I have had similar experiences around the world. I can still remember the force of the Iguazu waterfalls, the coziness of having coca leaf tea for the altitude in Cuzco, the joy of being close to Australian koalas and wallabies, the respect for waves at sea, and the clarity of being atop of mountains, glaciers and volcanos. Surrounded by orphan elephants in Nairobi, I remember also not being able to understand how some people can practice poaching, or take part in other harmful activities.

Remember what you have seen or would someday wish to experience. These global marvels face the threat of becoming just memories. They deserve to be protected. Travel, explore, discover, feel, see the world. We share one planet, one home… This is all we have.

man in sunglasses near baby elephant
The author with an orphan elephant in Nairobi. Courtesy of Andrés Córdova

So, how can you, an ordinary citizen or student, get involved? There are a variety of ways.

You can research and gain more knowledge on the importance of protecting living species and ecosystems. Choose a more sustainable lifestyle and reduce unnecessary consumption. Buy from local farmers and visit protected areas and safe spaces for animals, plants and insects.

You can share your decisions with others, so that they spread. Think of your family, neighbors, friends, school, work, social media — very soon you are not alone. You can inspire others, have a louder voice, and get the attention of decision-makers. You can push to have a government that is committed to environmental protection, that respects its citizens’ calls and joins and supports international efforts and treaties.

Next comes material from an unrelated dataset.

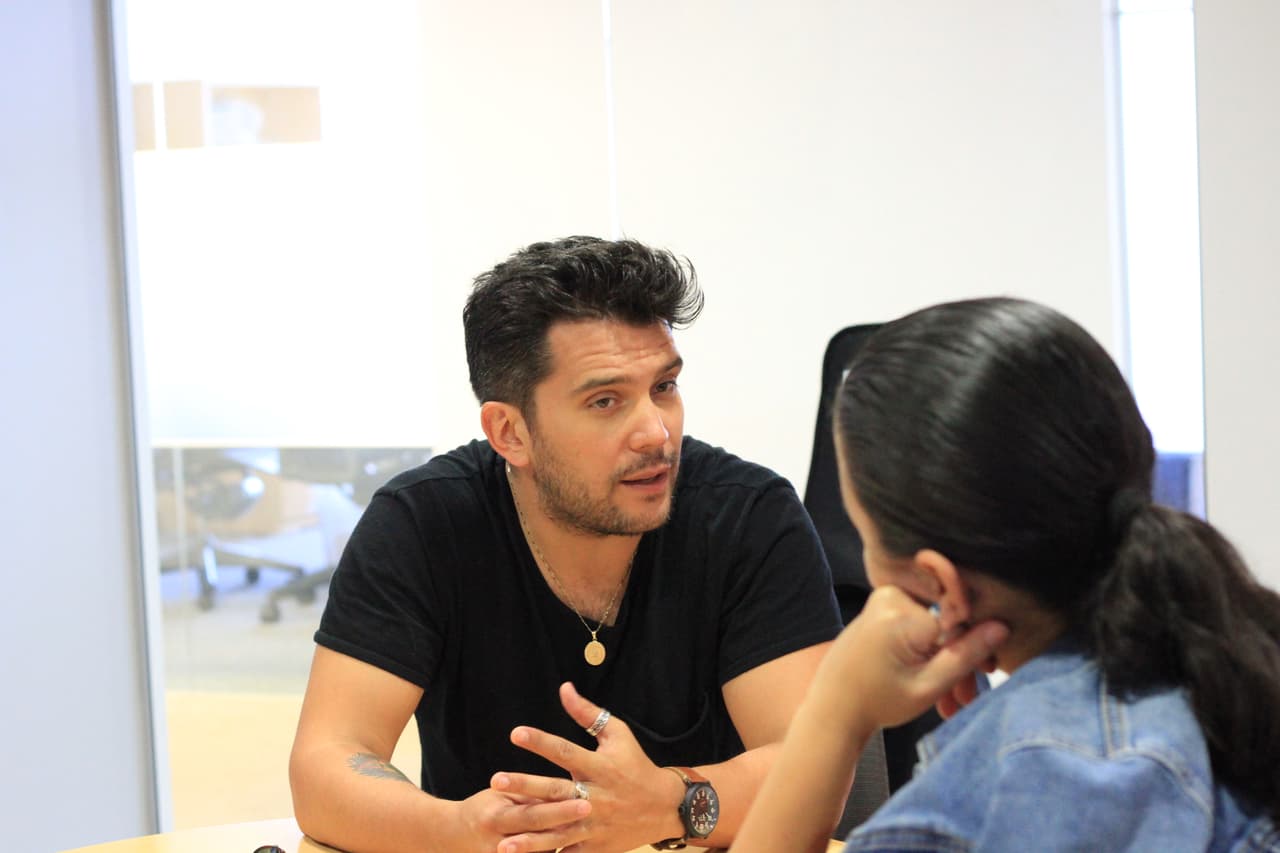 El cantautor Gustavo Galindo nos habla de su regreso a la música y del sencillo Nada que perder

At the same time, within U.N. walls, we will continue to spread messages of awareness, keep negotiating so every nation does its part, and advance ambitions to protect biodiversity. It may sometimes sound like mere rhetoric, but these efforts actually make a difference. Many of us still believe in the negotiating power of words.

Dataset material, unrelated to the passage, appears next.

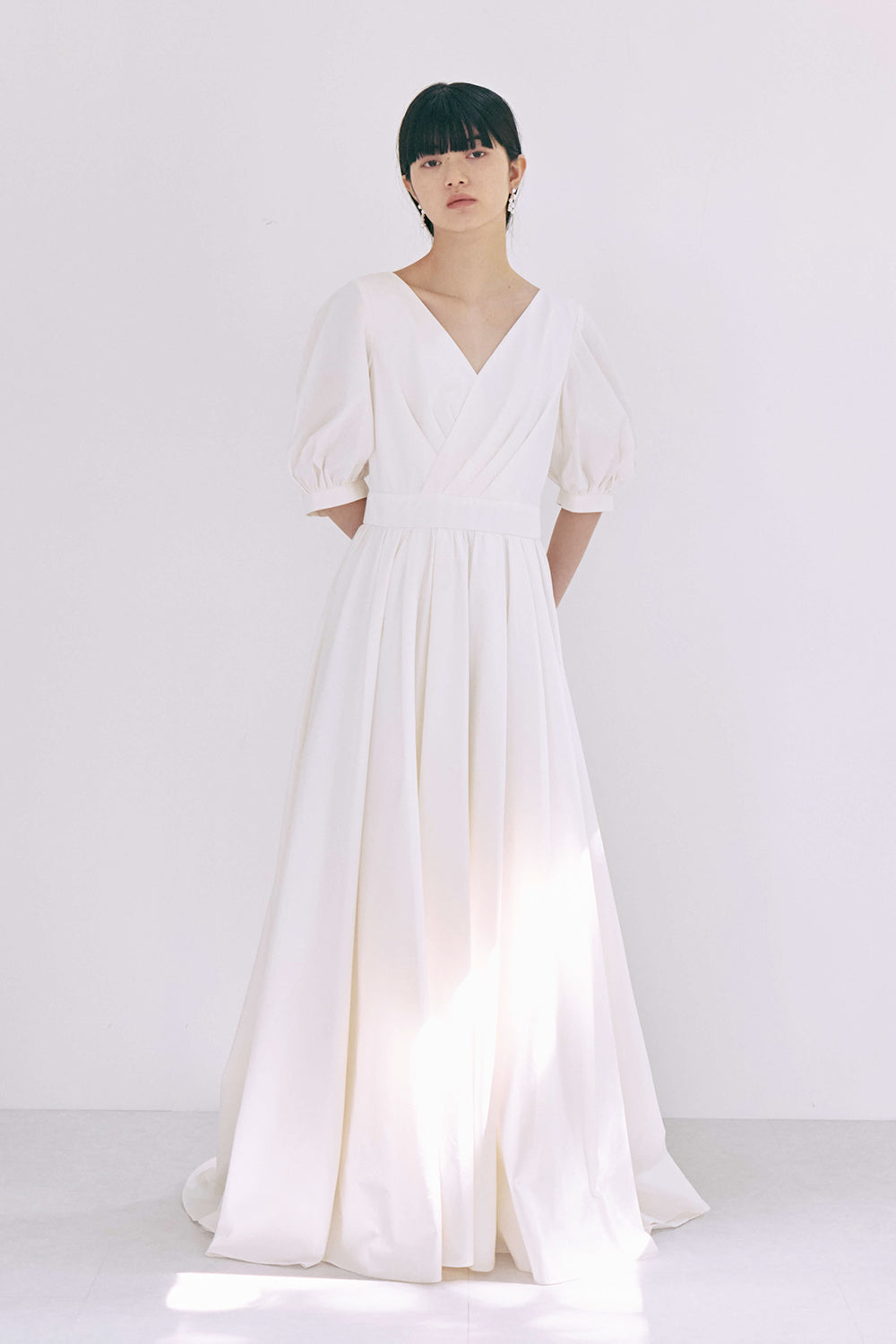 kaene タフタカシュクールドレス / 100725 | モデル身長165cm 着用サイズ38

Andrés Córdova graduated from the Executive Master of Public Administration program at Columbia University with a concentration in Environmental Policy and Sustainability Management. During his studies at SIPA, he took courses with faculty members from the Earth Institute. He is a career diplomat working at the Permanent Mission of Ecuador to the United Nations in New York, in issues related to sustainable development. He has facilitated and negotiated several resolutions, including for the preparation of the Biodiversity Summit at the UN in 2020.